PROBLEM REQUIREMENTS: Scan the records below for the line containing "Load your family" and the line containing "Once this has". Copy both, plus every line between, exactly.

INFORMATION SHOWN:
________________________________________
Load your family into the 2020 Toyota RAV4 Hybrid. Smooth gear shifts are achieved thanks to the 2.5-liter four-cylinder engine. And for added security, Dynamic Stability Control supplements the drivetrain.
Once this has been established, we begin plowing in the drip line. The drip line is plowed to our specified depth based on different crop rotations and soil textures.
________________________________________
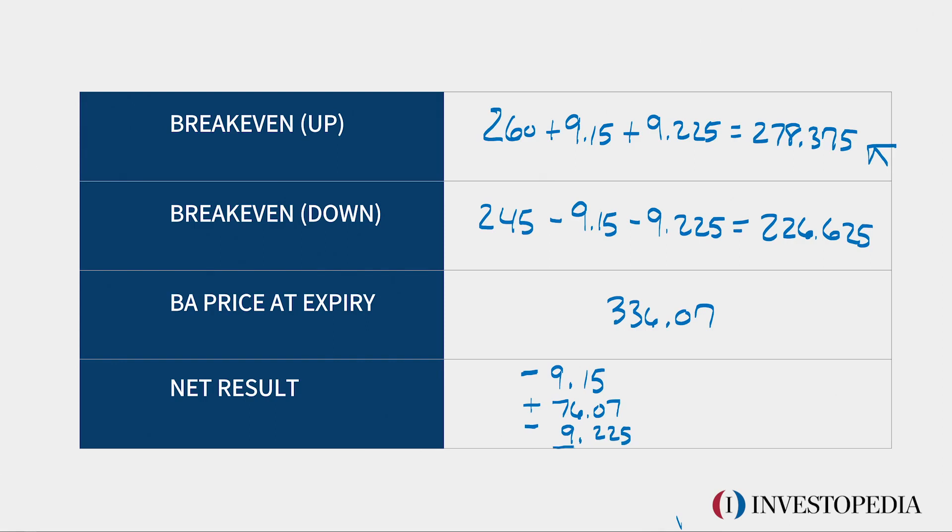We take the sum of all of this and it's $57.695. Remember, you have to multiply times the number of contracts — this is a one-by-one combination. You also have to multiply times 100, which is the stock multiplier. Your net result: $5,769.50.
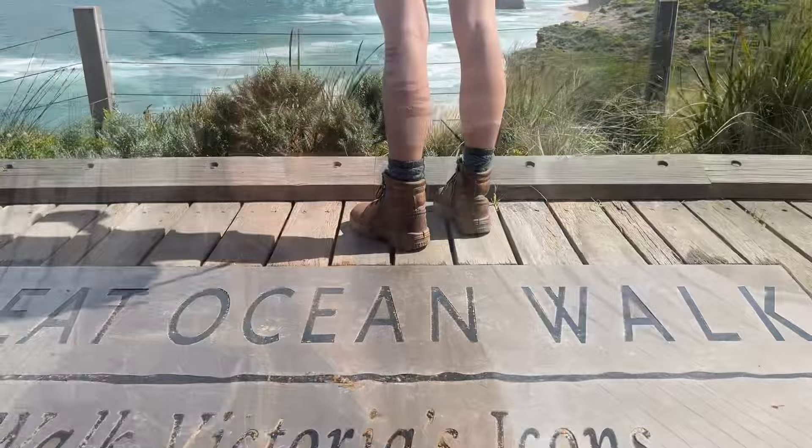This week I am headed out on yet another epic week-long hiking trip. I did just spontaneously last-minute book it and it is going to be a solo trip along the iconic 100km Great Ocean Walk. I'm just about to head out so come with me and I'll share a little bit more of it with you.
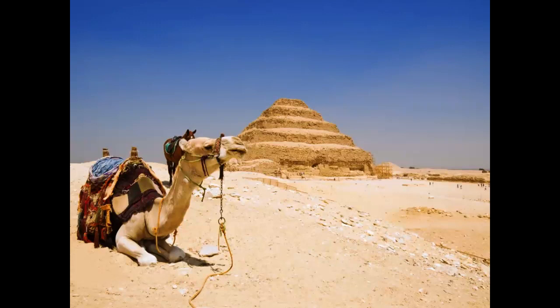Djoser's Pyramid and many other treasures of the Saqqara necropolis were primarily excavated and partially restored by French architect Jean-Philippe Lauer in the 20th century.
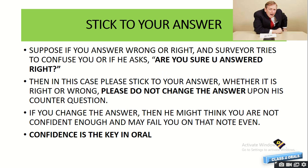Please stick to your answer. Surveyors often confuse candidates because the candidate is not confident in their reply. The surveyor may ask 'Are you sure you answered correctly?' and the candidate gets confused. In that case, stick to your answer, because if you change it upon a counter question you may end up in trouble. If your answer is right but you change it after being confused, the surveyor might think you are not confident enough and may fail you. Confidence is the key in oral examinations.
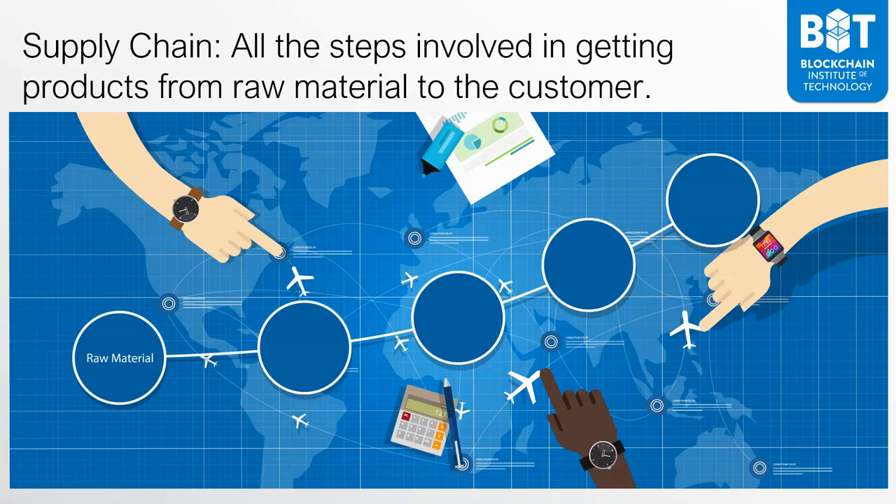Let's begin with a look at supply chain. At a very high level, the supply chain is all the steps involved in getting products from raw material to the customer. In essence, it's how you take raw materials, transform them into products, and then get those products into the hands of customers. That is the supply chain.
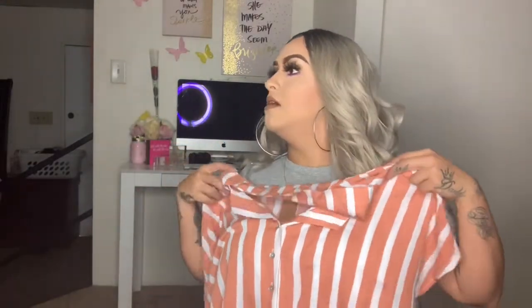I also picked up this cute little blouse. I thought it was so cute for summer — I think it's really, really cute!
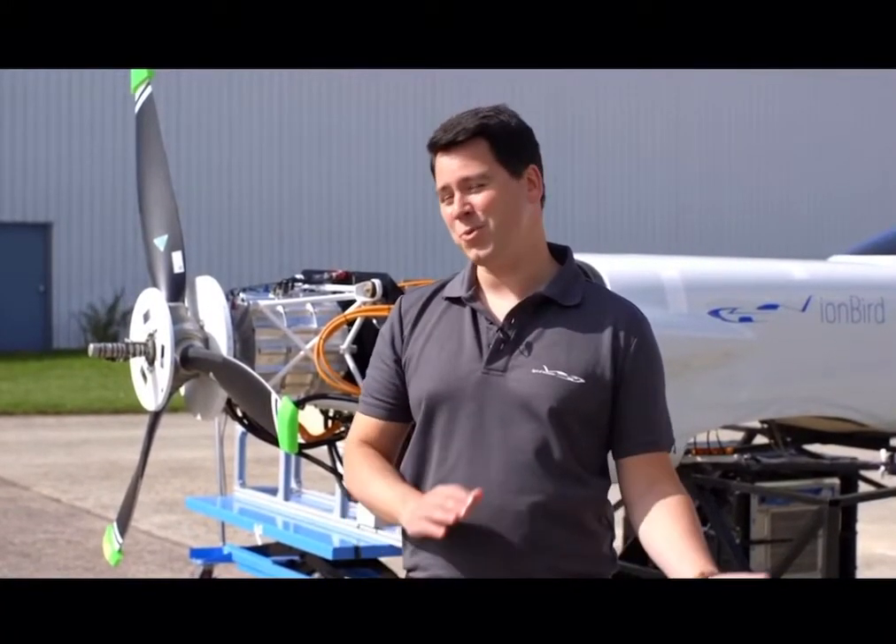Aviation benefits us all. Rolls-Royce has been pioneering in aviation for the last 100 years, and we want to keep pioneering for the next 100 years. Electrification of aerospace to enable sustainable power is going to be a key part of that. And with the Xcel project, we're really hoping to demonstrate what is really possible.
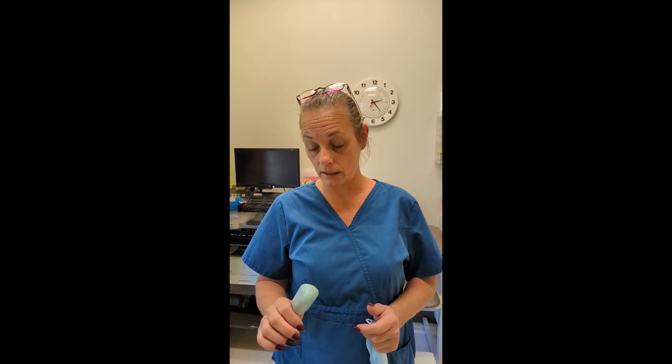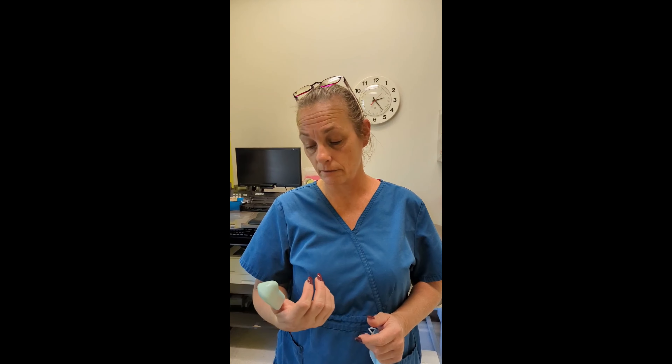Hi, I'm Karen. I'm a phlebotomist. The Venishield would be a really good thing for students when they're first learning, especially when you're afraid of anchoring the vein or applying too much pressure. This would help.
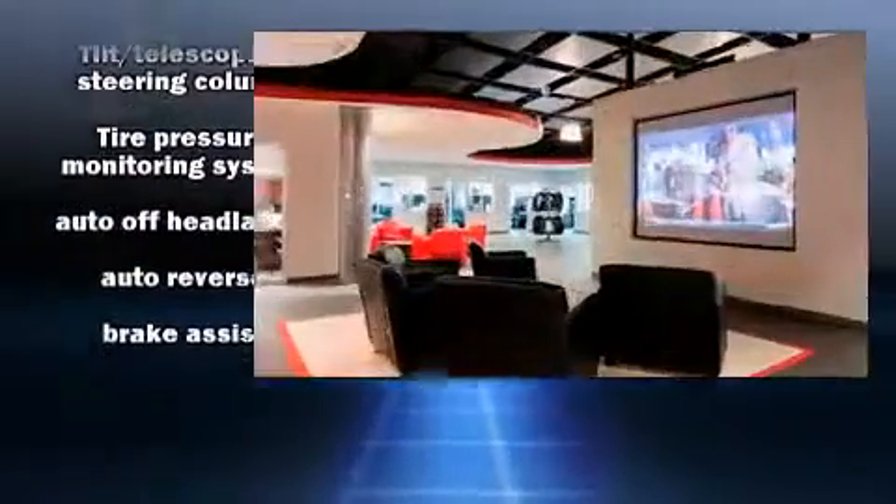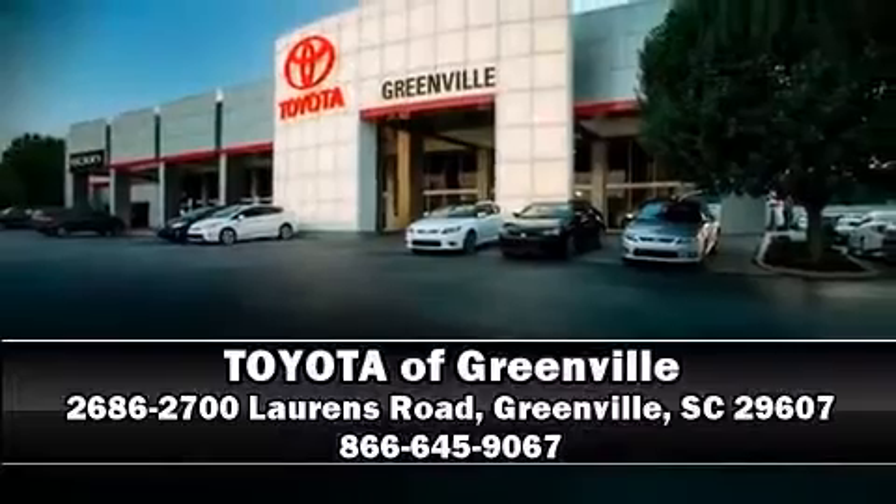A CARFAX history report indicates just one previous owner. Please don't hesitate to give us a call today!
________________________________________
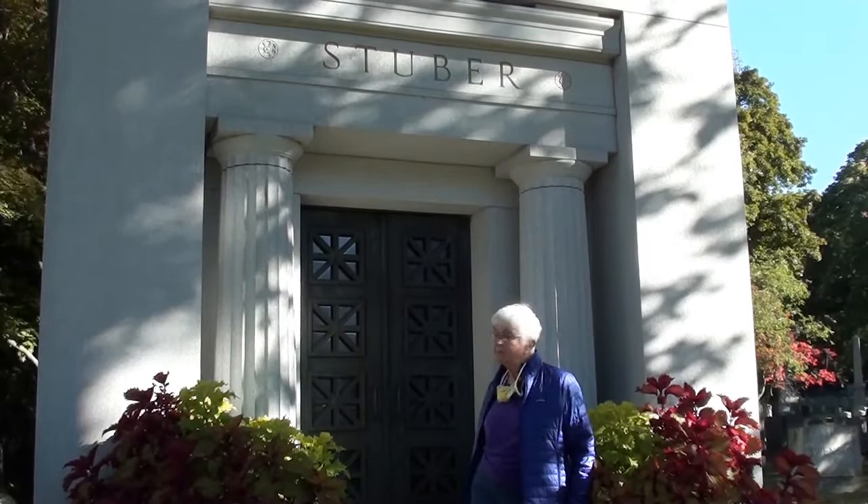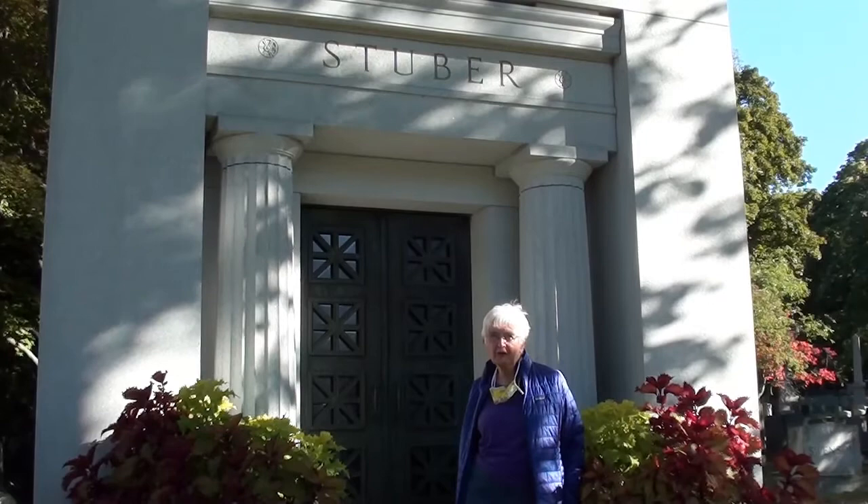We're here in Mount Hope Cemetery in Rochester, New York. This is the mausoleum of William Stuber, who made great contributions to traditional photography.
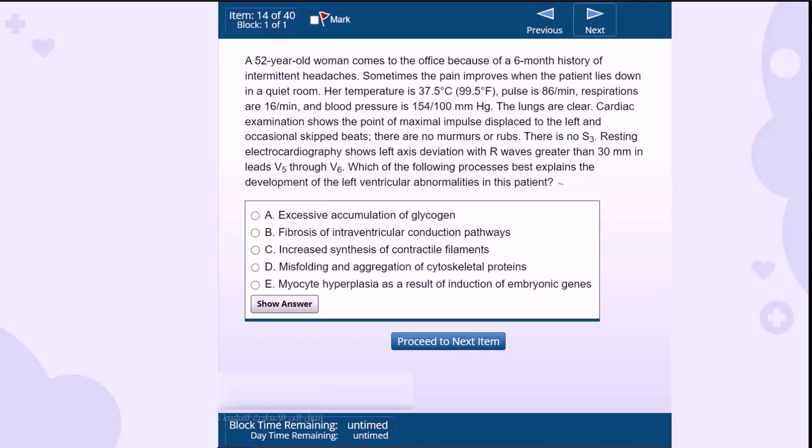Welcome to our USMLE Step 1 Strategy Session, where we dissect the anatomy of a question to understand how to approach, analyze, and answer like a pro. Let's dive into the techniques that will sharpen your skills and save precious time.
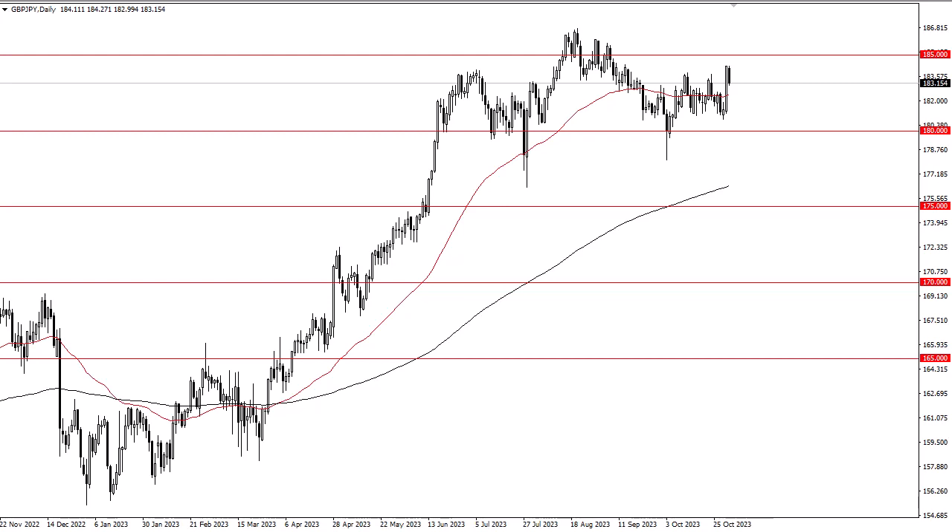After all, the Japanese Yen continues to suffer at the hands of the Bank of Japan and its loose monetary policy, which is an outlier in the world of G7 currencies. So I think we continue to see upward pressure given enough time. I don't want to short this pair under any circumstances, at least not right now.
________________________________________
OUTPUT BELOW:
Load your family into the 2020 Toyota RAV4 Hybrid. Smooth gear shifts are achieved thanks to the 2.5-liter four-cylinder engine. And for added security, Dynamic Stability Control supplements the drivetrain.
Once this has been established, we begin plowing in the drip line. The drip line is plowed to our specified depth based on different crop rotations and soil textures.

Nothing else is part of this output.